Supplied data Start Marker
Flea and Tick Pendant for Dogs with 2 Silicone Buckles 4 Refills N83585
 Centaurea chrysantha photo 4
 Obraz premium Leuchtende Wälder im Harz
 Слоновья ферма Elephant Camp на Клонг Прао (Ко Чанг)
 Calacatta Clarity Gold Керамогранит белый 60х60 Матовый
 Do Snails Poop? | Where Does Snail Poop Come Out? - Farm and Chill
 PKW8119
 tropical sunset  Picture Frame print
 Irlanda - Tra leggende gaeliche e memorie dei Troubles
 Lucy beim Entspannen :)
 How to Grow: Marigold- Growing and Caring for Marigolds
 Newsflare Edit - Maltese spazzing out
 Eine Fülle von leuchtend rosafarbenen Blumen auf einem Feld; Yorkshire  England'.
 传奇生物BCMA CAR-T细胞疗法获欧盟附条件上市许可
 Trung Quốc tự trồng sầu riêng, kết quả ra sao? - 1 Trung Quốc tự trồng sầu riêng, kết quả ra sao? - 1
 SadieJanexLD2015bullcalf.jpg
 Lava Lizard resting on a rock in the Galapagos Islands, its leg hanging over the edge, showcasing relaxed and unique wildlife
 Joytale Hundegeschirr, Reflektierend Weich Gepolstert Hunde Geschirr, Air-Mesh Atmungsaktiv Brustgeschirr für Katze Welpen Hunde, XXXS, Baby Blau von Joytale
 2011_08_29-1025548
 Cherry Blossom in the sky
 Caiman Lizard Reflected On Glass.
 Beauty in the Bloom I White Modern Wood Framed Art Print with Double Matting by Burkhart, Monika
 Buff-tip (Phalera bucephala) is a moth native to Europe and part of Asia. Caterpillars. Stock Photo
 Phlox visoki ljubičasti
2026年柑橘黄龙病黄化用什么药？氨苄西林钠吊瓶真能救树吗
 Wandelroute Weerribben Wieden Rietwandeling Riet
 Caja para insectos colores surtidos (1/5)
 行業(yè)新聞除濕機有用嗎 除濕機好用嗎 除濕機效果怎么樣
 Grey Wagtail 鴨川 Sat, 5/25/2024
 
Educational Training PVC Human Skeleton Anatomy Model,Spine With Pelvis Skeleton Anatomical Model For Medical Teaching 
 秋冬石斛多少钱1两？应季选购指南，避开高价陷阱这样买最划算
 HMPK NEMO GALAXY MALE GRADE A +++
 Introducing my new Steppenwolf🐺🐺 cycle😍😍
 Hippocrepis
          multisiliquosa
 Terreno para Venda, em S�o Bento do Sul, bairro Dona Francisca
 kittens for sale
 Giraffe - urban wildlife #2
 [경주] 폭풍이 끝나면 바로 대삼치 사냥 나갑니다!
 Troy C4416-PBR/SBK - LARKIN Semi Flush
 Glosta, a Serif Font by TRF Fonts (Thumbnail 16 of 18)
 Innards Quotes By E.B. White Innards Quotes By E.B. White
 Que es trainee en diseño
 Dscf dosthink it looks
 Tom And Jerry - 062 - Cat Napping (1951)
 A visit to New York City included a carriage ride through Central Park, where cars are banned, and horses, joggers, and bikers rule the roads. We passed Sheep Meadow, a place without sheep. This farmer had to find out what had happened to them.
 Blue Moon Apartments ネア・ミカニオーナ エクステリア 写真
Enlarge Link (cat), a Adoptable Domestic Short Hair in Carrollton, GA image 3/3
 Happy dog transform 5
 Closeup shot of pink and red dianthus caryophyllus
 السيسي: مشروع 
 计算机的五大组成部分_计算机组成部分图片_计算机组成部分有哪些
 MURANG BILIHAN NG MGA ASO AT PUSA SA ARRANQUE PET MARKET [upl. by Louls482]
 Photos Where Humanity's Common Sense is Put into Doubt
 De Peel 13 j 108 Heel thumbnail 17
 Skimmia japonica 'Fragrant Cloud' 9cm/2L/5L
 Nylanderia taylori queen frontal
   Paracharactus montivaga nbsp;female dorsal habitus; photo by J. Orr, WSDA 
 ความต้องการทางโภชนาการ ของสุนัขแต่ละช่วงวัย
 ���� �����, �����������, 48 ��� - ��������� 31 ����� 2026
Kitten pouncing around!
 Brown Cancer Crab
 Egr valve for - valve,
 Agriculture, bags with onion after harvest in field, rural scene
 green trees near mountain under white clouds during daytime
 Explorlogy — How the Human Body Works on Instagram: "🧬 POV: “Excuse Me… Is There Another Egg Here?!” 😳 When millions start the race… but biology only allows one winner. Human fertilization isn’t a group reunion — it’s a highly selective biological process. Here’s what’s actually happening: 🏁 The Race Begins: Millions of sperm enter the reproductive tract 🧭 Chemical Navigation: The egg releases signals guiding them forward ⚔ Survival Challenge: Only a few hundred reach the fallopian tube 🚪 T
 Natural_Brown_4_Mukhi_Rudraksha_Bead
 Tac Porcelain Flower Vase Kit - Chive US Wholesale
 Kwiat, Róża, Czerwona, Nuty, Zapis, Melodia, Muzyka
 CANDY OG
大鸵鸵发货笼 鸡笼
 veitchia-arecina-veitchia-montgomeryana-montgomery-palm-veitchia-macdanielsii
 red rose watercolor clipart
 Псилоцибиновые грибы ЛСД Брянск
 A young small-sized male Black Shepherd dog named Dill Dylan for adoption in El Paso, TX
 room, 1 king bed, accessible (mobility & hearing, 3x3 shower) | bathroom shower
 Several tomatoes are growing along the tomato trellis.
Supplied data End Marker
▶ **Problem details**
Return the entries above exactly as they appear.

▶ **Response**
Flea and Tick Pendant for Dogs with 2 Silicone Buckles 4 Refills N83585
 Centaurea chrysantha photo 4
 Obraz premium Leuchtende Wälder im Harz
 Слоновья ферма Elephant Camp на Клонг Прао (Ко Чанг)
 Calacatta Clarity Gold Керамогранит белый 60х60 Матовый
 Do Snails Poop? | Where Does Snail Poop Come Out? - Farm and Chill
 PKW8119
 tropical sunset  Picture Frame print
 Irlanda - Tra leggende gaeliche e memorie dei Troubles
 Lucy beim Entspannen :)
 How to Grow: Marigold- Growing and Caring for Marigolds
 Newsflare Edit - Maltese spazzing out
 Eine Fülle von leuchtend rosafarbenen Blumen auf einem Feld; Yorkshire  England'.
 传奇生物BCMA CAR-T细胞疗法获欧盟附条件上市许可
 Trung Quốc tự trồng sầu riêng, kết quả ra sao? - 1 Trung Quốc tự trồng sầu riêng, kết quả ra sao? - 1
 SadieJanexLD2015bullcalf.jpg
 Lava Lizard resting on a rock in the Galapagos Islands, its leg hanging over the edge, showcasing relaxed and unique wildlife
 Joytale Hundegeschirr, Reflektierend Weich Gepolstert Hunde Geschirr, Air-Mesh Atmungsaktiv Brustgeschirr für Katze Welpen Hunde, XXXS, Baby Blau von Joytale
 2011_08_29-1025548
 Cherry Blossom in the sky
 Caiman Lizard Reflected On Glass.
 Beauty in the Bloom I White Modern Wood Framed Art Print with Double Matting by Burkhart, Monika
 Buff-tip (Phalera bucephala) is a moth native to Europe and part of Asia. Caterpillars. Stock Photo
 Phlox visoki ljubičasti
2026年柑橘黄龙病黄化用什么药？氨苄西林钠吊瓶真能救树吗
 Wandelroute Weerribben Wieden Rietwandeling Riet
 Caja para insectos colores surtidos (1/5)
 行業(yè)新聞除濕機有用嗎 除濕機好用嗎 除濕機效果怎么樣
 Grey Wagtail 鴨川 Sat, 5/25/2024
 
Educational Training PVC Human Skeleton Anatomy Model,Spine With Pelvis Skeleton Anatomical Model For Medical Teaching 
 秋冬石斛多少钱1两？应季选购指南，避开高价陷阱这样买最划算
 HMPK NEMO GALAXY MALE GRADE A +++
 Introducing my new Steppenwolf🐺🐺 cycle😍😍
 Hippocrepis
          multisiliquosa
 Terreno para Venda, em S�o Bento do Sul, bairro Dona Francisca
 kittens for sale
 Giraffe - urban wildlife #2
 [경주] 폭풍이 끝나면 바로 대삼치 사냥 나갑니다!
 Troy C4416-PBR/SBK - LARKIN Semi Flush
 Glosta, a Serif Font by TRF Fonts (Thumbnail 16 of 18)
 Innards Quotes By E.B. White Innards Quotes By E.B. White
 Que es trainee en diseño
 Dscf dosthink it looks
 Tom And Jerry - 062 - Cat Napping (1951)
 A visit to New York City included a carriage ride through Central Park, where cars are banned, and horses, joggers, and bikers rule the roads. We passed Sheep Meadow, a place without sheep. This farmer had to find out what had happened to them.
 Blue Moon Apartments ネア・ミカニオーナ エクステリア 写真
Enlarge Link (cat), a Adoptable Domestic Short Hair in Carrollton, GA image 3/3
 Happy dog transform 5
 Closeup shot of pink and red dianthus caryophyllus
 السيسي: مشروع 
 计算机的五大组成部分_计算机组成部分图片_计算机组成部分有哪些
 MURANG BILIHAN NG MGA ASO AT PUSA SA ARRANQUE PET MARKET [upl. by Louls482]
 Photos Where Humanity's Common Sense is Put into Doubt
 De Peel 13 j 108 Heel thumbnail 17
 Skimmia japonica 'Fragrant Cloud' 9cm/2L/5L
 Nylanderia taylori queen frontal
   Paracharactus montivaga nbsp;female dorsal habitus; photo by J. Orr, WSDA 
 ความต้องการทางโภชนาการ ของสุนัขแต่ละช่วงวัย
 ���� �����, �����������, 48 ��� - ��������� 31 ����� 2026
Kitten pouncing around!
 Brown Cancer Crab
 Egr valve for - valve,
 Agriculture, bags with onion after harvest in field, rural scene
 green trees near mountain under white clouds during daytime
 Explorlogy — How the Human Body Works on Instagram: "🧬 POV: “Excuse Me… Is There Another Egg Here?!” 😳 When millions start the race… but biology only allows one winner. Human fertilization isn’t a group reunion — it’s a highly selective biological process. Here’s what’s actually happening: 🏁 The Race Begins: Millions of sperm enter the reproductive tract 🧭 Chemical Navigation: The egg releases signals guiding them forward ⚔ Survival Challenge: Only a few hundred reach the fallopian tube 🚪 T
 Natural_Brown_4_Mukhi_Rudraksha_Bead
 Tac Porcelain Flower Vase Kit - Chive US Wholesale
 Kwiat, Róża, Czerwona, Nuty, Zapis, Melodia, Muzyka
 CANDY OG
大鸵鸵发货笼 鸡笼
 veitchia-arecina-veitchia-montgomeryana-montgomery-palm-veitchia-macdanielsii
 red rose watercolor clipart
 Псилоцибиновые грибы ЛСД Брянск
 A young small-sized male Black Shepherd dog named Dill Dylan for adoption in El Paso, TX
 room, 1 king bed, accessible (mobility & hearing, 3x3 shower) | bathroom shower
 Several tomatoes are growing along the tomato trellis.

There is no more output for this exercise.